Now, I know that many of my readers are in trouble. I am, and every mail brings news from people who are carrying crosses and facing hard duties with more or less bravery. There are women left alone on the farm, striving to drag a heavy heart through life. Men have seen wife and child pass away. Others have seen hopes and ambitions crushed out. This season has been hard for many. I will quote from a letter just at hand from central New York, where flood and storm have scarred the hillsides and ruined crops:

“One neighbor hung himself; one says he shall have an auction and go to the old ladies’ home; another had the blues until he cried.”

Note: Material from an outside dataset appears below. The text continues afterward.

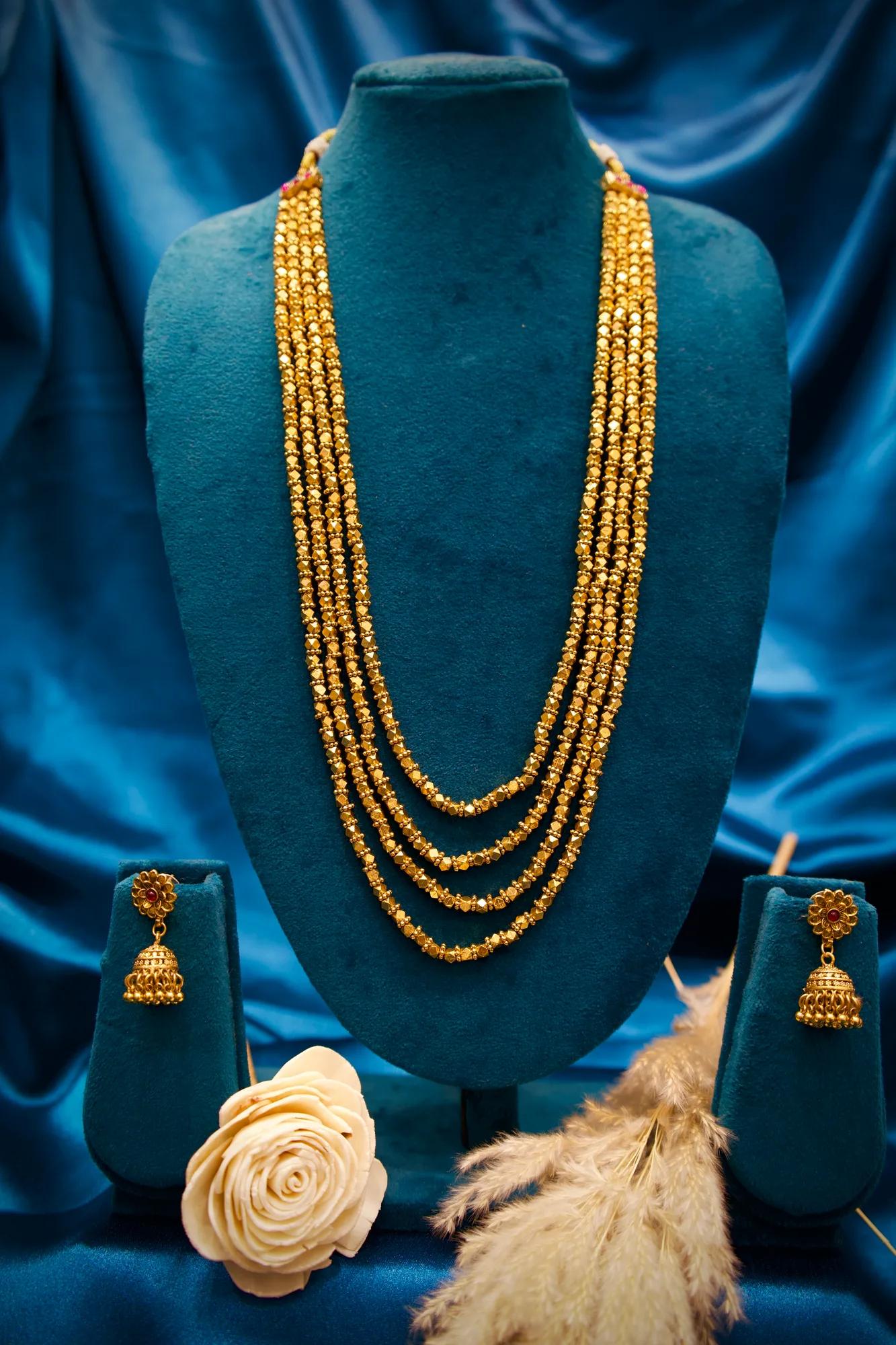 Traditional Four-Layer Golden Bead Long Haram Necklace Set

Now, in spite of all the talk we have of the Nation’s great prosperity, I know that there are thousands of sad hearts in country homes, sad because they have seen the cherished things of life and the work of self-denying years swept out of their grasp by a power which they could neither master nor comprehend. The picture of a strong man dropping his head upon the table and crying like a child is the saddest vision that can rise before our eyes. Farm life has its tragic side, and the sadness of it would crush us down at times if we would permit it to do so. No wonder men and women grow despondent when with each year comes a little more of the living blight which slowly destroys hope and faith in one’s physical ability to master the secret of happiness. I do not blame men and women who give way to despondency under pressure of griefs which have staggered me. I only regret that they cannot realize that for most of the afflicted of middle years the only true help is a moral one.

I feel like repeating that last sentence, though it may come like the application of a liniment I knew as a boy. The old man who brought me up invented a certain “lotion.” Whenever I cut or burned my flesh that lotion bottle was hauled out, a hen’s feather inserted and a liberal allowance smeared over the wound. It was like rubbing liquid fire on the flesh, but it did pull the smart out and carry it far away. I used to imagine that the “lotion” gathered the pain all into a lump and pulled it out by the roots with one quick twitch. One of the most helpful books I have ever read is a little volume entitled “Deafness and Cheerfulness.” I read it over and over, and I wish that every deaf man or friend of a deaf man could have it. I find in this little book the following message which I commend to all who feel their courage giving way:

“The noblest dealing with misfortune is in manly silence to bear it; the next to the meanest is in feebleness to weep over it; the wholly unpardonable is to ask others to weep also.”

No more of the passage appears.